Kolkata, March 16 The four public sector general insurers – United India Insurance Company, National Insurance Company, New India Assurance and Oriental Insurance Company – have been holding on to their combined market share so far this year.
As in February 2009, the four insurers collectively held a market share of 59.4 per cent, only marginally lower from the 60 per cent share held during the same period last year. The public sector had been losing market share to the private insurers consistently on a much larger scale earlier. In 2007-08, it had lost over 5 per cent market share compared with the previous year.
The total premium collected by the public sector during April-February stood at Rs 17,636 crore, growing at over 6 per cent compared with the previous year. All the 21 private sector general insurers together collected Rs 12,038 crore (16 per cent). The combined premium collected by all insurers stood at Rs 29,675 crore.
In 2007-08, the public and private sector insurers had registered a growth of 27.74 per cent and 4.17 per cent respectively in premium, compared with the previous fiscal.

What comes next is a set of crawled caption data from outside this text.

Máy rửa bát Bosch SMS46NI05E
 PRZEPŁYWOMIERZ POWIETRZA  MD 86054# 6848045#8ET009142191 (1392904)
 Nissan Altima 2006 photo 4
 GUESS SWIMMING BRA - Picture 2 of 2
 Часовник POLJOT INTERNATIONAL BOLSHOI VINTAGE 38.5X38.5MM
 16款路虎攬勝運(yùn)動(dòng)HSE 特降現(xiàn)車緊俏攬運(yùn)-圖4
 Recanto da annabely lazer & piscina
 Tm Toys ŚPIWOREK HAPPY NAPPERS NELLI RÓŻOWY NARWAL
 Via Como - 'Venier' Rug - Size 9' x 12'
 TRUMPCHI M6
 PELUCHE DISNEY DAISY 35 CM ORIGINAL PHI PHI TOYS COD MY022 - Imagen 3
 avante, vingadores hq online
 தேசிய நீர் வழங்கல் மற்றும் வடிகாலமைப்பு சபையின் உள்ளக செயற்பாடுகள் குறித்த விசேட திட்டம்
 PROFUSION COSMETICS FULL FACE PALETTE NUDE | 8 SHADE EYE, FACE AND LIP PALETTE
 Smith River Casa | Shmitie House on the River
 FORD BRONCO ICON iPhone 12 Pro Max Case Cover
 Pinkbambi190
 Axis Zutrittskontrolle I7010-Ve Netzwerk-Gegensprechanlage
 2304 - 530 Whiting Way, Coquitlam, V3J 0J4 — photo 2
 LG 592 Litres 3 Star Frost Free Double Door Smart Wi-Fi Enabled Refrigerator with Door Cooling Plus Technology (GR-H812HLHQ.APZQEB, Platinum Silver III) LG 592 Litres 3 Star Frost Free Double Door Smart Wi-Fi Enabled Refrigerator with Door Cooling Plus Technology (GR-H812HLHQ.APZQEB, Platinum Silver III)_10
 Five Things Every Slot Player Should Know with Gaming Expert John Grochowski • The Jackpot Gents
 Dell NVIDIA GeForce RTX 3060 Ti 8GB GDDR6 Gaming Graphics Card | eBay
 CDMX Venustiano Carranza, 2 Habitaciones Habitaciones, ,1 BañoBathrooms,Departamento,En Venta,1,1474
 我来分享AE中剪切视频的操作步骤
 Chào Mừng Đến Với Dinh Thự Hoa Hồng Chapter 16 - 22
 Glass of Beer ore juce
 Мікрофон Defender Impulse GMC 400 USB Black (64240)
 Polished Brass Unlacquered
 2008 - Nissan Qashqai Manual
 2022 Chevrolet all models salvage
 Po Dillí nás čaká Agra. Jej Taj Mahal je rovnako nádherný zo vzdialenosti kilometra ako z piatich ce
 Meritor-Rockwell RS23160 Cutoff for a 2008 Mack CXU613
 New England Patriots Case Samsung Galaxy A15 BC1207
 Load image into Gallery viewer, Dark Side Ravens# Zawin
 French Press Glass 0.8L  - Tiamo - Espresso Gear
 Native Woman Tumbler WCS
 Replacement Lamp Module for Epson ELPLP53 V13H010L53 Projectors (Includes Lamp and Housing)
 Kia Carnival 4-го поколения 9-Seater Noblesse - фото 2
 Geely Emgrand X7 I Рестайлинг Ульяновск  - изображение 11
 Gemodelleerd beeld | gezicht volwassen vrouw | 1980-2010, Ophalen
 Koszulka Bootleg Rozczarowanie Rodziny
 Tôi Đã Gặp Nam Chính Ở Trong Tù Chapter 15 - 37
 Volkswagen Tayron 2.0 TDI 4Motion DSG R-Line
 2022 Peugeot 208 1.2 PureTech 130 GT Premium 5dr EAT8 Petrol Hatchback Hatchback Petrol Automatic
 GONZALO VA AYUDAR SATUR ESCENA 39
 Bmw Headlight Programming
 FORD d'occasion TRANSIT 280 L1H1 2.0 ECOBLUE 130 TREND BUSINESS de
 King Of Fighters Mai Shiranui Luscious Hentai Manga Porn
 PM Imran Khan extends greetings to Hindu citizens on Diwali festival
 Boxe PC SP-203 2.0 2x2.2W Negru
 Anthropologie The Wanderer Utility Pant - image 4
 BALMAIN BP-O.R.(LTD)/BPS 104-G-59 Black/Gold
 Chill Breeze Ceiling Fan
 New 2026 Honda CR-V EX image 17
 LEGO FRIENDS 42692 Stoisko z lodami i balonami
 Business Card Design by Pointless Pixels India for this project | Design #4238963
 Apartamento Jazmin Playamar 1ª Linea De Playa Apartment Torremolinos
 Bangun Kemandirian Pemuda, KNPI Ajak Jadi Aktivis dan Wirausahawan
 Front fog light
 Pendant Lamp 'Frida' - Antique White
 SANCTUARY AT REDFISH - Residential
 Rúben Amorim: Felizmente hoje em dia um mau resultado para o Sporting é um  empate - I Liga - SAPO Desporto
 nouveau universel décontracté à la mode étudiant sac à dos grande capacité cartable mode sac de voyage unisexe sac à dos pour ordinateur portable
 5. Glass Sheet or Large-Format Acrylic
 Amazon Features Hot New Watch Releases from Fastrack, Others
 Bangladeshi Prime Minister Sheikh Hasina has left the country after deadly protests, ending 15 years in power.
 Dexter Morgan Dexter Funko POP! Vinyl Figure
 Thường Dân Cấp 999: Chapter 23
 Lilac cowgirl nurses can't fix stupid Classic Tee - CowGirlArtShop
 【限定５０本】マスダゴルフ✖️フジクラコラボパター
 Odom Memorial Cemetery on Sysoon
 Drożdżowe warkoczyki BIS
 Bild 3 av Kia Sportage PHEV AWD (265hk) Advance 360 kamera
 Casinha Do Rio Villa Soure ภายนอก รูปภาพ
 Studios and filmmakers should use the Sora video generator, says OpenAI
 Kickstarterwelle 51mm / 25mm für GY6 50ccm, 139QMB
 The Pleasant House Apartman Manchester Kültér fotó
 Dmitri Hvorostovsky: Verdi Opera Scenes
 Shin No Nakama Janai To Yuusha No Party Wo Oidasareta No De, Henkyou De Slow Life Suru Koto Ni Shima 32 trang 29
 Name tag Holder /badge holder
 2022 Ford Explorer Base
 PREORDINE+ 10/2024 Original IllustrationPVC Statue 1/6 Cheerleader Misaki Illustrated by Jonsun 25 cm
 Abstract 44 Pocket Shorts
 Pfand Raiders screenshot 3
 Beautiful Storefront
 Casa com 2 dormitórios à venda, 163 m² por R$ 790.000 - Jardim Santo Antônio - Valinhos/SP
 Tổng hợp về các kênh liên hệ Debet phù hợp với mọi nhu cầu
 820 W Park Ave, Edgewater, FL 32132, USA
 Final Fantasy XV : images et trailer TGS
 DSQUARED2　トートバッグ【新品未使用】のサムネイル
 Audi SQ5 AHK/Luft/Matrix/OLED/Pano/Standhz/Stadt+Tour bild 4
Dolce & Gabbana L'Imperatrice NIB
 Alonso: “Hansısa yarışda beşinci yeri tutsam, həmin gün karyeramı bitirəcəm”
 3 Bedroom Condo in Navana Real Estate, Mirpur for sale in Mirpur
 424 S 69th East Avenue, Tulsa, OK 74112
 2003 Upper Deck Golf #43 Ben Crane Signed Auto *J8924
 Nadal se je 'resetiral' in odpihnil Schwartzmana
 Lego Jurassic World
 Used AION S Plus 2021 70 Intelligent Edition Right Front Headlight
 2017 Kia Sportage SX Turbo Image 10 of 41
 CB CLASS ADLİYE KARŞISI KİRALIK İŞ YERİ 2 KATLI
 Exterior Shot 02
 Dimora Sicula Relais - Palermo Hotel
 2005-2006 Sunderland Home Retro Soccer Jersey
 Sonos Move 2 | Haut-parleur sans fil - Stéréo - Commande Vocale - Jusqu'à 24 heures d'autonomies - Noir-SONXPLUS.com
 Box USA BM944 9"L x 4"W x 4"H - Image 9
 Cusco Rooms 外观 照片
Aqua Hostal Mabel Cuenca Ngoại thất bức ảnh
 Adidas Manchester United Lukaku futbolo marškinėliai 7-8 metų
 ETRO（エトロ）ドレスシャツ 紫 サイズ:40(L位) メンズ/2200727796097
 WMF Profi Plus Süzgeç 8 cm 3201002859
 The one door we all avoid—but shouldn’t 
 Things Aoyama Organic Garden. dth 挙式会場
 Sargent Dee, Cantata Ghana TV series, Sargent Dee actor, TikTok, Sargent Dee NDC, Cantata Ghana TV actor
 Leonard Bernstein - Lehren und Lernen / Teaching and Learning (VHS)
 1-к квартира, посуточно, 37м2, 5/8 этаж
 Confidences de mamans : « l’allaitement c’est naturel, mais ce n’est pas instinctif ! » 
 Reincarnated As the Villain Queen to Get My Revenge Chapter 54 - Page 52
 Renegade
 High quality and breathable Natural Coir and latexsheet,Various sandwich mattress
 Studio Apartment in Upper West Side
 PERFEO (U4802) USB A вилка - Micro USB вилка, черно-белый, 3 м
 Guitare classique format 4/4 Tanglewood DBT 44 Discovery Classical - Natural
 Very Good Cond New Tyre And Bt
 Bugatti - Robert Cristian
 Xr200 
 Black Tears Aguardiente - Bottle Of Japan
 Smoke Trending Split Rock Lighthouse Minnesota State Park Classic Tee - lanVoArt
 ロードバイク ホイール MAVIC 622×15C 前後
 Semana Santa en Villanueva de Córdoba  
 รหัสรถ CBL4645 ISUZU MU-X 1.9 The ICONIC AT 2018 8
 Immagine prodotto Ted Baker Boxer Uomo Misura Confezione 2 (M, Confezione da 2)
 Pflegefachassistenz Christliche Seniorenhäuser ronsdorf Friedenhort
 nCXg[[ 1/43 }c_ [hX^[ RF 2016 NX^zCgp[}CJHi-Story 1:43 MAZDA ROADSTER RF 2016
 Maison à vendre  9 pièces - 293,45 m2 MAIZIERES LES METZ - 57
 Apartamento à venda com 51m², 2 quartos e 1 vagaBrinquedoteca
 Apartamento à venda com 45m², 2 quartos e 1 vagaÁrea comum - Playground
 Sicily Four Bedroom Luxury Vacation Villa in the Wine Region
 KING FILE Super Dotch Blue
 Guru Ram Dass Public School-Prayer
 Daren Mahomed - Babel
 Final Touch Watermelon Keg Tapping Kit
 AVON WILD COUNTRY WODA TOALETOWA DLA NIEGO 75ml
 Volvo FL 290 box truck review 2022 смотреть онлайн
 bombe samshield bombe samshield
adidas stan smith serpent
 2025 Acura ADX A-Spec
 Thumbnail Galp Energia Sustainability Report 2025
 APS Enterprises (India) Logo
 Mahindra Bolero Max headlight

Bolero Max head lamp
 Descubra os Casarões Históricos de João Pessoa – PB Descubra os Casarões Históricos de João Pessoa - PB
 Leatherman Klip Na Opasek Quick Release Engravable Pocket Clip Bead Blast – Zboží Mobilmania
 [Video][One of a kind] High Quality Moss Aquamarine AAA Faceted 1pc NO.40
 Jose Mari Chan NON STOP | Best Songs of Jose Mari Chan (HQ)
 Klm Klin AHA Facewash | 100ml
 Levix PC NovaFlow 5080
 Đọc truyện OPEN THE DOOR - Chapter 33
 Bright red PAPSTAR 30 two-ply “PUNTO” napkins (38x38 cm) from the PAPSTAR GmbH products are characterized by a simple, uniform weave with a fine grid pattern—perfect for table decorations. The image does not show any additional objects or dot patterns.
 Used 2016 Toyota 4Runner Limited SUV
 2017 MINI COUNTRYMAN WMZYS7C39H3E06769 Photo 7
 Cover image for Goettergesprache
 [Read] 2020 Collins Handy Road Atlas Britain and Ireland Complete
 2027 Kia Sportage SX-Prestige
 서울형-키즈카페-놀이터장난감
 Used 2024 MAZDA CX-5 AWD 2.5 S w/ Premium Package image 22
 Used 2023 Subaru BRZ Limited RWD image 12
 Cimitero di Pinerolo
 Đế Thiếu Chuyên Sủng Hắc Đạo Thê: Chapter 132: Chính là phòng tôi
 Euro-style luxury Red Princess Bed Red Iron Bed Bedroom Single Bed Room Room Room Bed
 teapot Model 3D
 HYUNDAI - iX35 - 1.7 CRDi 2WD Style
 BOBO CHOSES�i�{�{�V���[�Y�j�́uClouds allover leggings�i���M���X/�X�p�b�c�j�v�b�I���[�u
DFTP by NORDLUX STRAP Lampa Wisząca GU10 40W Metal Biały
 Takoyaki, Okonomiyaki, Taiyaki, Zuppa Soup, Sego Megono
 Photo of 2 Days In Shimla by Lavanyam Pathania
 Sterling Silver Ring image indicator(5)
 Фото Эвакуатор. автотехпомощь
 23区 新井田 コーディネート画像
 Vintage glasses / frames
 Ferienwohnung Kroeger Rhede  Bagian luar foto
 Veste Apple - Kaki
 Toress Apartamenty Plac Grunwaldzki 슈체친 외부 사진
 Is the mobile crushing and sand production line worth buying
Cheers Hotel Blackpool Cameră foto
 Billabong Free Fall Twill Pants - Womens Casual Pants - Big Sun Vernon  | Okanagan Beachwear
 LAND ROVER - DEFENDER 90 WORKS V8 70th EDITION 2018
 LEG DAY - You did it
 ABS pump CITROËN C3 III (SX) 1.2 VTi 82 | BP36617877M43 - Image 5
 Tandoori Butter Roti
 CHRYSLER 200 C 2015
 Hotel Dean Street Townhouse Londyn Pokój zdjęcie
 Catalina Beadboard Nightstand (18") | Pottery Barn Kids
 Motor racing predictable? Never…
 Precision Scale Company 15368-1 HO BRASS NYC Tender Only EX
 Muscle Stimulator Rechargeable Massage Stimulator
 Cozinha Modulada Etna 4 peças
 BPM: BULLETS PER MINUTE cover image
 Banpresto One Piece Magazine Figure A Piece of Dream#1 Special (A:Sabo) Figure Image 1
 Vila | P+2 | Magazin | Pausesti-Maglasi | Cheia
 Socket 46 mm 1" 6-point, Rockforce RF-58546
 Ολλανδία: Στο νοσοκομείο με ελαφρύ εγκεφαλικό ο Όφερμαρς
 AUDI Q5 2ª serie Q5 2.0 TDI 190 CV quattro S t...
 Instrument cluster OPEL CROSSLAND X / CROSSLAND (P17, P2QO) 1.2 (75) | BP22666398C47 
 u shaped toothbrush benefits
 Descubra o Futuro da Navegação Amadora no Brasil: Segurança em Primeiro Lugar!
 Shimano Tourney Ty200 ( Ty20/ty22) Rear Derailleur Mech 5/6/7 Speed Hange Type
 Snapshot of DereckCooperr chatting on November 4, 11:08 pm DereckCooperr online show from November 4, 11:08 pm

Till February this fiscal, United India collected Rs 3,808 crore (13 per cent), Oriental Insurance collected Rs 3,579 crore (2.07 per cent), New India gathered Rs 4,982 crore (4.68 per cent) and National Insurance collected Rs 3,868 crore (6.2 per cent).
“A number of factors has helped the public sector insurers in arresting the diminishing market share this year,” Mr V. Ramasaamy, Chairman of the National Insurance Company, said.
The public sector insurer had engaged itself in a number of development activities such as business process reengineering while focusing on alternative channels such as bancassurance and agent motivating incentives, he pointed out.
Competitive market
The detariffing of interest rates by IRDA, which gave autonomy to insurers in pricing insurance policies, has created a competitive, level-playing field in general insurance business, a senior official of another public sector insurer said. The financial meltdown has also made the corporate sector shift partially towards the public sector insurers, perceived to be having higher financial strength, he added.
“The detariffing of premium has hit the private sector insurers comparatively more,” Mr Pranav Prasad, Head, Rural Business, ICICI Lombard, said.
While the regulation was put into effect from the beginning of 2007, the impact on premium collection was first felt during the current fiscal, he said. Retail segments such as motor and home insurances were impacted the most. Public sector insurance companies have, however, grown on account of addition in corporate clients during the period, he added.